Be a Doer of the Word of God

Dear Brothers and Sisters:

Junípero Serra will be canonized a saint by Pope Francis in Washington, DC during the Pontiff’s trip to the US in a few weeks.  In the Capitol Building there is a hall filled with greater than life size statues of the pioneers who established the United States of America and one of them is a statue of the Franciscan Friar, Junípero Serra.  He was one of two people chosen by California to be granted this honor, and is known as the founder of California.  He was responsible for establishing the missions in the eighteenth century between San Diego and San Francisco, named always after saints.

He came from Majorca, Spain and decided to be a priest at the age of fifteen at considerable sacrifice to his parents since he was the oldest and only son of two children.  Three others had died early on.  He was a very good student and later a professor of Philosophy for the Friars and at Lullian University.  At the age of thirty-five in 1749 he said, years later: “I have had no other motive but to revive in my soul those intense longings which I have had since my novitiate when I read the lives of the saints.  These longings have become deadened because of a preoccupation I had with studies.”  And he went off to the Franciscan missions in Mexico and from there to California.

I mention him since he gives us a wonderful example of what St.
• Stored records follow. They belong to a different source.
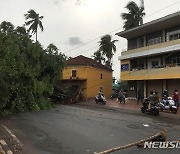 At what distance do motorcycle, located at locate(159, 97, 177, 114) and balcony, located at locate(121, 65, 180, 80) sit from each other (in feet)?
27.0

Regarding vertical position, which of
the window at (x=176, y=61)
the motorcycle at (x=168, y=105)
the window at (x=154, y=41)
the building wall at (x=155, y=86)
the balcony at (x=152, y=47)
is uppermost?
the window at (x=154, y=41)

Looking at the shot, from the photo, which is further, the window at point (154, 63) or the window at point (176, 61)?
the window at point (154, 63)

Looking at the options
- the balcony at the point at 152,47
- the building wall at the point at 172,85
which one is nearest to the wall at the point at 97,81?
the balcony at the point at 152,47

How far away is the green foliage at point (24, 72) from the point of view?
20892 millimetres

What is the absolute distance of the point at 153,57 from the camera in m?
35.4

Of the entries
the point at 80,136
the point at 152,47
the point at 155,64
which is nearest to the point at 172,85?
the point at 155,64

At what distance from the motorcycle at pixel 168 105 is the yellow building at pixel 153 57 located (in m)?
8.28

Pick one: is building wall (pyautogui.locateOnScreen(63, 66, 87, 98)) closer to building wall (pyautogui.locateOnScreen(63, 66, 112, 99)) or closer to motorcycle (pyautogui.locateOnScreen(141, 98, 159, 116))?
building wall (pyautogui.locateOnScreen(63, 66, 112, 99))

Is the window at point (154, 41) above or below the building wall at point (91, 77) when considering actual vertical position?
above

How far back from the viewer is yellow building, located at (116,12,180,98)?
31625 mm

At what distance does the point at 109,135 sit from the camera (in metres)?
12.3

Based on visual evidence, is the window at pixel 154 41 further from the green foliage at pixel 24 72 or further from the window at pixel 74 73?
the green foliage at pixel 24 72

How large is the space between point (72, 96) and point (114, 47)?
25.7 m

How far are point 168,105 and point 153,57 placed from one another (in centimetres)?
1368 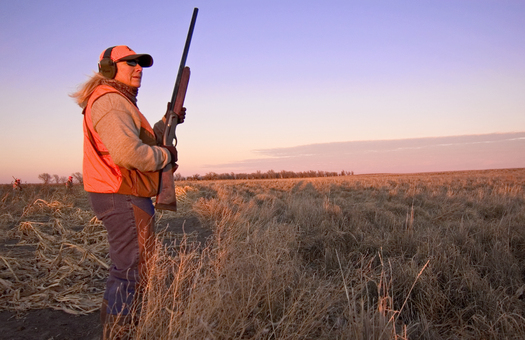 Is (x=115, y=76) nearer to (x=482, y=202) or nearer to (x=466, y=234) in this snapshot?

James refers to in his letter as a “doer of the Word of God.”  It even seems that at some point midway in his life he realized that he was not “a doer of the Word” and made a very conscious decision to change.  The saints always give us hope that we too can be people who listen to God’s word and transform our life.

For the next five Sundays we will listen to this letter of James, the brother of the Lord (meaning half-brother or cousin).  He was the bishop of Jerusalem and was killed there by the Jews.  It was probably written at the end of the century as best we can tell and is part of the Catholic Epistles, which were not addressed to a single city or community but to the whole Church or therefore called Universal or Catholic letters.  It reads more like a sermon than a letter and a common trait in all of it is that faith is not something abstract but needs to be implemented in every aspect of life.  So it is timely for the Church today since a real threat today is the unfruitful practice of Christianity in daily life.

In many ways St. James is spelling out what it means to be a disciple.  A true disciple learns in order to do; this is fundamental.  I will focus these five weeks on this idea: the steps one needs to take in order to be a disciple.  The word disciple implies discipline which is essential to be child of God.  Scripture says often it is not those who say Lord, Lord, who will enter the Kingdom of God, but those who do the will of the Father.  It is a big difference.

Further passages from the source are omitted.